‘This is the strange part,’ she said quite calmly, as though she were sharing a puzzle with him, asking him what he thought of it. ‘I don’t remember what happened. No, I know that he left, but I don’t remember what I said to him or he said to me. I stayed with Alex that night.

‘Later, days later, he told me that Alex had had a nightmare.’ She laughed in disgust and disbelief. ‘That’s all he said. We never talked about it. I sent Alex to her grandparents. To school there. And we never talked about it. Oh, how modern we were, how civilized. Of course, we stopped sleeping together, and stopped being with each other. And Alex was gone.’

‘Do her grandparents know what happened?’

A quick shake of her head. ‘No; I told them what I told everyone, that I didn’t want her schooling interrupted when we came to Venice.’

‘When did you decide? To do what you did?’ Brunetti asked.

She shrugged. ‘I don’t know. One day, the idea was simply there. The only thing that was really important to him, the only thing he really loved, was his music, so I decided that was the thing I’d take away from him. At the time, it seemed fair.’

‘And does it now?’

She considered this for a long time before she answered. ‘Yes, it still does seem fair. Everything that’s happened seems fair. But that’s not the point, is it?’

To him, there was no point in any of it. No point, and no message, and no lesson. It was no more than human evil and the terrible waste that comes from it.

Her voice was suddenly tired. ‘What happens now?’

‘I don’t know,’ he answered honestly. ‘Do you have any idea where he got the cyanide?’

She shrugged her shoulders, as though she thought the question irrelevant. ‘It could have been anywhere,’ she said. ‘He has a friend who is a chemist, or it could have been one of his friends from the old days.’ When she saw Brunetti’s puzzled glance, she explained. ‘The war. He made a lot of powerful friends then, and many of them are important men now.’

‘Then the rumors about him are true?’

‘I don’t know. Before we were married, he said they were all lies, and I believed him. I don’t believe it anymore.’ She said this bitterly, then forced herself back to her original explanation. ‘I don’t know where he got it, but I know it would have been no problem for him.’ Her sad smile returned. ‘I had access to it, of course. He knew that.’

‘Access? How?’

‘We didn’t come down here together. We didn’t want to travel together. I stopped in Heidelberg for two days on the way down, to see my former husband.’ Who, Brunetti recalled, taught pharmacology.

‘Did the Maestro know that you were there?’

She nodded. ‘My first husband and I remained friends, and we hold property together.’
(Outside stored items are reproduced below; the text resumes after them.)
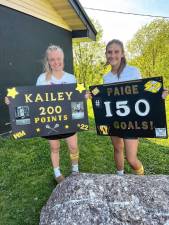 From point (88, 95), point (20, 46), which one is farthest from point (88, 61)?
point (88, 95)

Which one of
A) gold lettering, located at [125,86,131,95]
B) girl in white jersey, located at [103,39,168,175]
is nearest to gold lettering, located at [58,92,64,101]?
girl in white jersey, located at [103,39,168,175]

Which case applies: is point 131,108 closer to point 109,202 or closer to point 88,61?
point 109,202

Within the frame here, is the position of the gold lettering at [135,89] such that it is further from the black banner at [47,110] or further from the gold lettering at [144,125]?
the black banner at [47,110]

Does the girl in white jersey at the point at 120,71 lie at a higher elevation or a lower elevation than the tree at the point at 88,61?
lower

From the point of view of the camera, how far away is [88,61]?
83.8 feet

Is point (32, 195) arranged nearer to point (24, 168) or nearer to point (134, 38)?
point (24, 168)

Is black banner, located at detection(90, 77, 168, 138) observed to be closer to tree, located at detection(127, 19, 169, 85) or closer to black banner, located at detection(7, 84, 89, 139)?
black banner, located at detection(7, 84, 89, 139)

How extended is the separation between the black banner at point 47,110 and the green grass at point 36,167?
3.04ft

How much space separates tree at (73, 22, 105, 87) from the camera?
25.4 m

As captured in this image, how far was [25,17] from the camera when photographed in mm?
9914

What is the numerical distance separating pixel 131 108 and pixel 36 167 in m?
2.16

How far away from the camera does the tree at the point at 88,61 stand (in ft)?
83.4

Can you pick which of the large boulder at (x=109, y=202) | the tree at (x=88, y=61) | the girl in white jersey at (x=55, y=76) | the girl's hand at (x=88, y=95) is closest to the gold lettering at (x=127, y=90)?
the girl's hand at (x=88, y=95)

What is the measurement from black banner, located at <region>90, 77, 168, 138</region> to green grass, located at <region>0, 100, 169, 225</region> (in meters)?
1.31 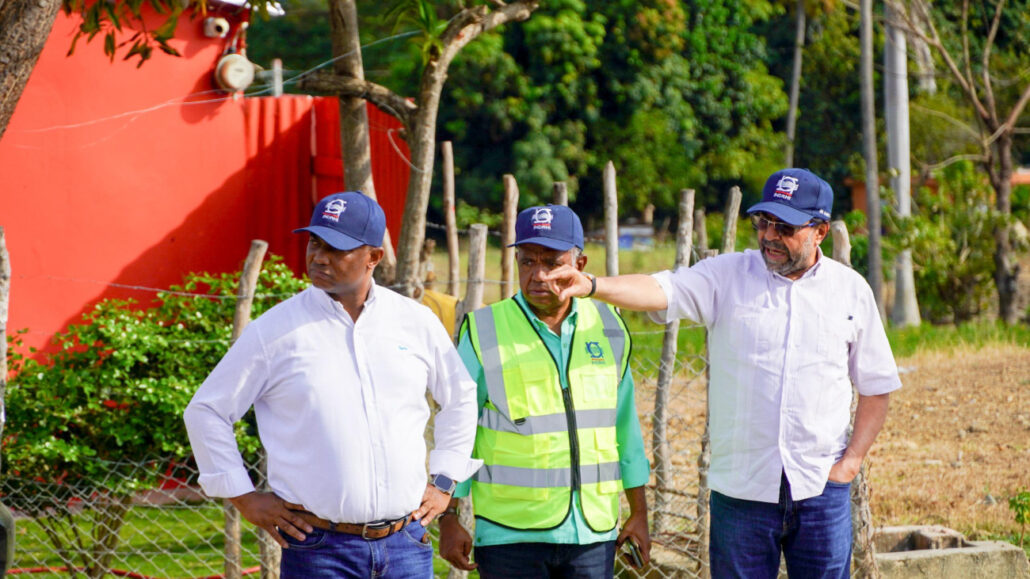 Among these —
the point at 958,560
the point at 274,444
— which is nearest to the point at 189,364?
the point at 274,444

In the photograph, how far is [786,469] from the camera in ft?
12.0

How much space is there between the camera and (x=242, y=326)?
17.3 feet

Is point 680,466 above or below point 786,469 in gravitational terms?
below

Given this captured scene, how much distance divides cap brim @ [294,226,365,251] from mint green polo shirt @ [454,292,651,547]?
561 mm

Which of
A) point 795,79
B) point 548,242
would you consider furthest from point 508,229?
point 795,79

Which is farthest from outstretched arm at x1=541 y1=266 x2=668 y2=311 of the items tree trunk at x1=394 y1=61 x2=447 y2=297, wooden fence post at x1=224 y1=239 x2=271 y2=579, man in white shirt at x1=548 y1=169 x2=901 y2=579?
tree trunk at x1=394 y1=61 x2=447 y2=297

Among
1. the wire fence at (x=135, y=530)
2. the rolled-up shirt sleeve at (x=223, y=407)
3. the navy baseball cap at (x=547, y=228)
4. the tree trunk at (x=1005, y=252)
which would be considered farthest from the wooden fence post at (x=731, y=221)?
the tree trunk at (x=1005, y=252)

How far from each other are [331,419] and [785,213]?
1.58 m

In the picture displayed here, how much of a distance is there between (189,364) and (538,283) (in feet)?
10.5

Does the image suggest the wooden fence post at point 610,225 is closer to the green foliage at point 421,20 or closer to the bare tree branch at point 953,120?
the green foliage at point 421,20

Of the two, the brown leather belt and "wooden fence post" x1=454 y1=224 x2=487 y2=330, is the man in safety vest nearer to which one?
the brown leather belt

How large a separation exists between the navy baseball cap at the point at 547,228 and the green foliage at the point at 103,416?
2.65 m

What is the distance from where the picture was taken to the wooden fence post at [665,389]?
18.1 ft

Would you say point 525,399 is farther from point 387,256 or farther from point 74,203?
point 74,203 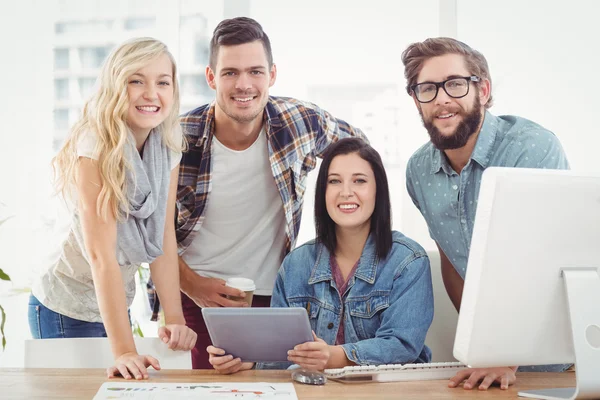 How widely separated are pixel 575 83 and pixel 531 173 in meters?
3.05

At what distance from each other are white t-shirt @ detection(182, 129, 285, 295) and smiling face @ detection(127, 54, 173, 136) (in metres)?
0.57

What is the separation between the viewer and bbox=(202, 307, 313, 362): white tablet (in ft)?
4.99

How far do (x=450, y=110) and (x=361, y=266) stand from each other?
0.63 m

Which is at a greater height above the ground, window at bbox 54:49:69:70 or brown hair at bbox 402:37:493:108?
window at bbox 54:49:69:70

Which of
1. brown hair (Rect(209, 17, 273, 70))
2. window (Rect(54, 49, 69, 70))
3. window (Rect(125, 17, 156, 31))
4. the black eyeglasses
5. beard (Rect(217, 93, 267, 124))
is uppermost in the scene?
window (Rect(125, 17, 156, 31))

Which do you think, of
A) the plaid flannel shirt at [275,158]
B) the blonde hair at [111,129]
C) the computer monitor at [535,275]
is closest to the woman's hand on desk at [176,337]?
the blonde hair at [111,129]

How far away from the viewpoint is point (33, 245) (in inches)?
152

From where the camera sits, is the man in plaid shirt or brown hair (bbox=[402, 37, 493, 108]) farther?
the man in plaid shirt

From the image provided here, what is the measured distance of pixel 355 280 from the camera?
1959 millimetres

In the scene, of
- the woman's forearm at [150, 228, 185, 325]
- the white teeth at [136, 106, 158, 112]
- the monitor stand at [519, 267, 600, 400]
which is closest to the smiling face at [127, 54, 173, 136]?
the white teeth at [136, 106, 158, 112]

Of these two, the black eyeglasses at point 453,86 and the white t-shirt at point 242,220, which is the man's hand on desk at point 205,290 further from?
the black eyeglasses at point 453,86

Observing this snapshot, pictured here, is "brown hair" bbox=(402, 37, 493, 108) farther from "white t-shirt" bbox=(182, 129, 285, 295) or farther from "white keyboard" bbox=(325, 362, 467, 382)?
"white keyboard" bbox=(325, 362, 467, 382)

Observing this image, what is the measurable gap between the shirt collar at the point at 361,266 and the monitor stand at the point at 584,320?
69 cm

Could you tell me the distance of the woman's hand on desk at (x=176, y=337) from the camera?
6.23 ft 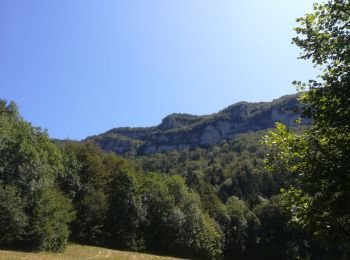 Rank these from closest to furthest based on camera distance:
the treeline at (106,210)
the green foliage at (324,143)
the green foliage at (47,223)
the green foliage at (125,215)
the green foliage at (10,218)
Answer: the green foliage at (324,143) < the green foliage at (10,218) < the green foliage at (47,223) < the treeline at (106,210) < the green foliage at (125,215)

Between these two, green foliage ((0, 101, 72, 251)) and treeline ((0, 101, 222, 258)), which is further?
treeline ((0, 101, 222, 258))

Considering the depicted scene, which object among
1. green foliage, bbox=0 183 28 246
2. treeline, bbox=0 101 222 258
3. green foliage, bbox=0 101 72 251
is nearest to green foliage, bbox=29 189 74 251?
green foliage, bbox=0 101 72 251

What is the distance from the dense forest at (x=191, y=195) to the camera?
14.8 meters

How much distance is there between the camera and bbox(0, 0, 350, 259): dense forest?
14836 mm

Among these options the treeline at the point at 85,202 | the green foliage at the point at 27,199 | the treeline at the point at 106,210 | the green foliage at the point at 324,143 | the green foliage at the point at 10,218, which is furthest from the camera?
the treeline at the point at 106,210

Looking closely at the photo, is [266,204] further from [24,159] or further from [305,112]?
[305,112]

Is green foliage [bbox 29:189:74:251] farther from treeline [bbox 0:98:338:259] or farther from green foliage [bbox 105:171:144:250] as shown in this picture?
green foliage [bbox 105:171:144:250]

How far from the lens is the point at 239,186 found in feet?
571

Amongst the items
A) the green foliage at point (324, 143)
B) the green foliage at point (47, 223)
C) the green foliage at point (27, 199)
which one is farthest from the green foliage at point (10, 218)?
the green foliage at point (324, 143)

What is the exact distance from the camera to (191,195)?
3994 inches

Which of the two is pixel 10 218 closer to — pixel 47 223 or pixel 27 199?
pixel 47 223

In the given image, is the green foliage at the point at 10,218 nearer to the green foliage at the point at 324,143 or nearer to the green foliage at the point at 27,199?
the green foliage at the point at 27,199

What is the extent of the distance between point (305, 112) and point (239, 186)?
16243cm

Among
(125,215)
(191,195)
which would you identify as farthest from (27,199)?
(191,195) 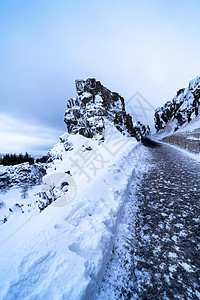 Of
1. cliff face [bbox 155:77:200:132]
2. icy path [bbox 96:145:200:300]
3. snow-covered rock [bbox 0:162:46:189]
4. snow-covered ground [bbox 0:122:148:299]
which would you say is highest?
cliff face [bbox 155:77:200:132]

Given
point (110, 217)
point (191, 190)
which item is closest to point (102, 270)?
point (110, 217)

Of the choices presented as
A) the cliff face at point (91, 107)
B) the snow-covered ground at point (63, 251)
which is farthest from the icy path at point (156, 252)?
the cliff face at point (91, 107)

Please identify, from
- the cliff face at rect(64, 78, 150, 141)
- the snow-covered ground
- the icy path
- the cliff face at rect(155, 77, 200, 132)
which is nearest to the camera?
the snow-covered ground

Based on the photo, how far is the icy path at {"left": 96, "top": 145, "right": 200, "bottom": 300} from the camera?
62.1 inches

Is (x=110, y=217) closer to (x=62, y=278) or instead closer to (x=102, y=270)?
(x=102, y=270)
‘Did you tell him what happened?’

‘Of course not,’ she said, raising her voice for the first time.

‘Where did you see him?’

‘At the university. I met him at his laboratory. He’s working on a new drug to minimize the effects of Parkinson’s. He showed me through the laboratory, and then we went to lunch together.’

‘Did the Maestro know this?’

She shrugged. ‘I don’t know. I suppose I might have told him. I probably did. It was very difficult for us to find anything to talk about. This was a neutral topic, so we were glad to have it to talk about.’

‘Did you and the Maestro ever talk about what happened?’

She couldn’t bring herself to ask what he meant; she knew. ‘No.’

‘Did you ever talk about the future? What you were going to do?’

‘No, not directly.’

‘What does that mean?’

‘One day, when I was coming in and he was going to rehearsal, he said, “Just wait until after Traviata.” I thought he meant that we would be able to decide what to do then. But I had already decided to leave him. I’d written to two hospitals, one in Budapest and one in Augsburg, and I’d talked to my former husband about his help in finding me a position in a hospital.’

Either way, Brunetti realized, she was trapped. There was evidence that she had been planning a separate future, even before he died. And now she was a widow, and enormously rich. And even if the information about her daughter was made public, there was evidence that she had stopped on the way to Venice to talk to the girl’s father, a man who surely had access to the poison that had killed the Maestro.

No Italian judge would convict a woman for what she had done, not if she explained about her daughter. Given the evidence Brunetti had—Signora Santina’s testimony about her sister, the interviews with the doctors, even the suicide of his second wife at a time when their daughter was twelve years old—there was no court in Italy that would bring a charge of murder against her. But all of this would hang upon the testimony of the girl, upon the tall girl Alex, in love with horses and still a child.

Brunetti knew that this woman would never let that testimony take place, regardless of the consequences if she did not. Further, he knew that he would never allow it to happen, either.

And without the testimony of the daughter? There was the obvious coolness between them, her easy access to the poison, her presence in the dressing room that night, wildly out of keeping with what they had always done.